The State of Maternity Leave
3,120 new moms tell who gets it, who doesn’t, and what it’s really like during the time away from work
The Pressure of Being Away
Most women surveyed said they received friendly calls from their coworkers or supervisor, checking to see how they were. But 47 percent of you also said that time home was marred by negative reactions -- such as complaints about extra work and how many weeks you were taking -- from a supervisor or coworkers. A certified pharmacy technician in Indiana recalls getting two calls a week from both colleagues and her boss during her 12 weeks off, "reminding me that work was 'so busy' and 'everyone has to work overtime,' presumably because of me," she says.
Those of you who took the shortest amount of leave told us you were subject to the most complaints, possibly because you were in environments that were inhospitable to parental time off. "I got a lot of grief," says Sheila Leiweke, a manager at a retail store in Colorado Springs. "I kept hearing from coworkers, 'I don't have kids, and I get only one week off a year. You're lucky.'" Those who received short leaves were also more likely to feel pressure to return to work early.
Almost two-thirds of you recounted that your boss or coworkers questioned you about whether you'd really return, though 72 percent of you said you did clock back in as scheduled -- or earlier (9 percent returned later than planned, while 19 percent decided to quit). "One of the biggest barriers that women face is the perception by employers that if you go on leave, you'll never come back," says Martin Malin, a professor of employment law at Chicago-Kent College of Law, in Chicago. "But in most cases, that's simply not accurate." Women who negotiated for more than six months off fielded the most questions about whether they'd be back, and, in fact, they were the most likely to quit: 70 percent didn't return to their job.
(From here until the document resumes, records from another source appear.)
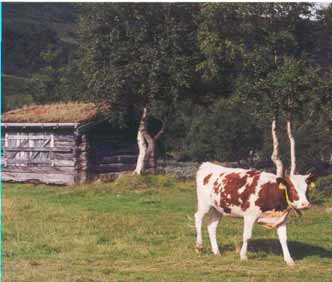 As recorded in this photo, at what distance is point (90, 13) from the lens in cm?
1922

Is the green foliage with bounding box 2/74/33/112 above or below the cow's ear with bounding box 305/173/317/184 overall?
above

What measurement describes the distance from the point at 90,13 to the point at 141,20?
71.5 inches

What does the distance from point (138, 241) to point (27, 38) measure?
11.1m

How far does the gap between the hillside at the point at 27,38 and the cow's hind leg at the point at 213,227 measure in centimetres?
566

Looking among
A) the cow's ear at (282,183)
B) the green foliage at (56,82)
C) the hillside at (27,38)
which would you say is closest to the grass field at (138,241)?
the cow's ear at (282,183)

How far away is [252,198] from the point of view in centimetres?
974

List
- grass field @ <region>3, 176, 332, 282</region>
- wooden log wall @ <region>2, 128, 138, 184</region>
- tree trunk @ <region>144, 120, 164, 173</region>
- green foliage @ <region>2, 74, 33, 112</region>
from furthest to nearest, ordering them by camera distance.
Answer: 1. green foliage @ <region>2, 74, 33, 112</region>
2. wooden log wall @ <region>2, 128, 138, 184</region>
3. tree trunk @ <region>144, 120, 164, 173</region>
4. grass field @ <region>3, 176, 332, 282</region>

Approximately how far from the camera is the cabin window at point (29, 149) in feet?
67.8

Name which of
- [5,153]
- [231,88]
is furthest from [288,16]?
[5,153]

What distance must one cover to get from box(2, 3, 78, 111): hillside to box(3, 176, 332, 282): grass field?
4.06 meters

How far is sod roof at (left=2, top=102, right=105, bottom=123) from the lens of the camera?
20.7 meters

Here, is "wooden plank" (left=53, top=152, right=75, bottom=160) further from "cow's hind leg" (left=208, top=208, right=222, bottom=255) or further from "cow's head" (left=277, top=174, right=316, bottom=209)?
"cow's head" (left=277, top=174, right=316, bottom=209)

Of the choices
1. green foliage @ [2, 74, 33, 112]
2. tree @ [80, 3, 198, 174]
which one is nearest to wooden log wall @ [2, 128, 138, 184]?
tree @ [80, 3, 198, 174]

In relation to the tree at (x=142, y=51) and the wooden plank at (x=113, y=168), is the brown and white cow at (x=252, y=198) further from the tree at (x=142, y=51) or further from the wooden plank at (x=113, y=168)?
the wooden plank at (x=113, y=168) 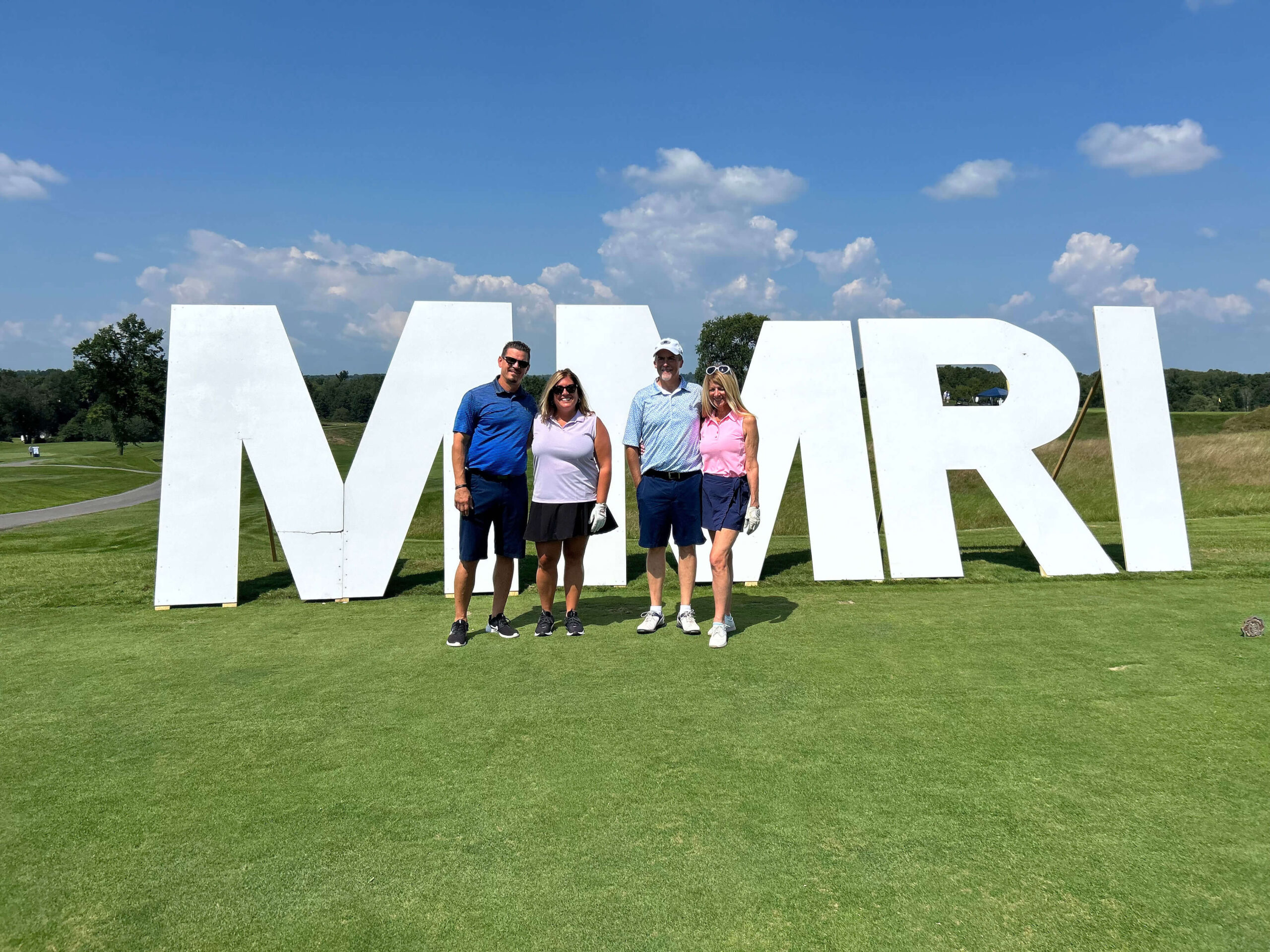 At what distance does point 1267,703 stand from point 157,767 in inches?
195

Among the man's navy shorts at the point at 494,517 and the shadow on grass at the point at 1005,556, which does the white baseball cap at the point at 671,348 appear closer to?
the man's navy shorts at the point at 494,517

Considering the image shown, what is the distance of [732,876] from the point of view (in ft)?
7.64

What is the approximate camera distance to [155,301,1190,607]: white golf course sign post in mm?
7008

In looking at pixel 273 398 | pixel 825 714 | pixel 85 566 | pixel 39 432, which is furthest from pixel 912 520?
pixel 39 432

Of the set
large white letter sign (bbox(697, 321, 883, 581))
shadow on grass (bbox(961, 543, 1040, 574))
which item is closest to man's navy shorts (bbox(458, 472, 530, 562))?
large white letter sign (bbox(697, 321, 883, 581))

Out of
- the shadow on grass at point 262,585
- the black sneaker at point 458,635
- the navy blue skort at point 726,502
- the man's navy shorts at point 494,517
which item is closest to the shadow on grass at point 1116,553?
the navy blue skort at point 726,502

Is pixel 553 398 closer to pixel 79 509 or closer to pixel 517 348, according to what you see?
pixel 517 348

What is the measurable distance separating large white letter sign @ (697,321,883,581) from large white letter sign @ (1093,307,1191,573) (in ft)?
8.42

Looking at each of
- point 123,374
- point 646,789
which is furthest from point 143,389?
point 646,789

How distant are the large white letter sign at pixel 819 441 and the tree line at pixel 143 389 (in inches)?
1271

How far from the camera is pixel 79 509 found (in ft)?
94.3

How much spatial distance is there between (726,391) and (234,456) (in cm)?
461

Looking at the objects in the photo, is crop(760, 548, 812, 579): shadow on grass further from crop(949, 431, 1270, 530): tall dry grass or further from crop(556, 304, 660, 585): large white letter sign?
crop(949, 431, 1270, 530): tall dry grass

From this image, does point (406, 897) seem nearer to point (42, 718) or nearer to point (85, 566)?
point (42, 718) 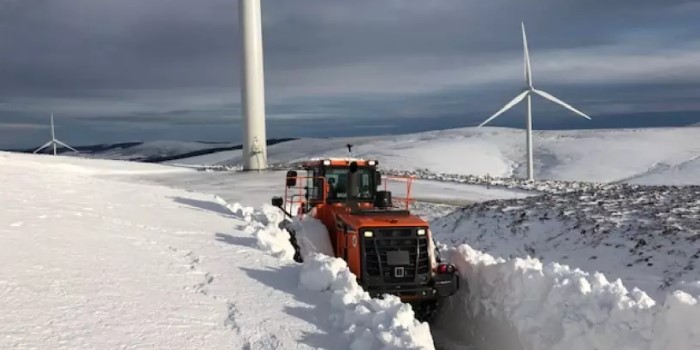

Almost half of you said you received work-related questions while you were on leave. While some didn't mind, others felt they were taken advantage of. "I had too many calls while I was home; it was very difficult to focus when I was recovering from my c-section," says Beth Cummings, a collection agent for a chain of department stores in Florida. Twelve percent of you felt compelled -- out of concern for your position or to make extra money -- to pitch in from home. Nancy Campbell, a professor of women's studies, bartered with Ohio State University to get paid time off, since the school didn't offer any. "I volunteered to write a proposal for the department's new degree program and to work with my graduate students," says Campbell, who recently transferred to a university with a paid policy.
Not surprisingly, those of you with a supervisor who's also a parent found him or her to be more supportive. "My boss, who has three kids of her own, hired me when I was eight months pregnant, and when I returned to work from my leave, she told me that my hours were flexible and I should work around the needs of my baby," says Tonya Douglas, a social worker from St. Joseph, MO. Women bosses tended to be more understanding overall: 49 percent of respondents with male supervisors were called at home with questions versus 36 percent with female bosses; 14 percent with male bosses were asked to perform tasks during their leave, while only 9 percent with female supervisors received similar requests.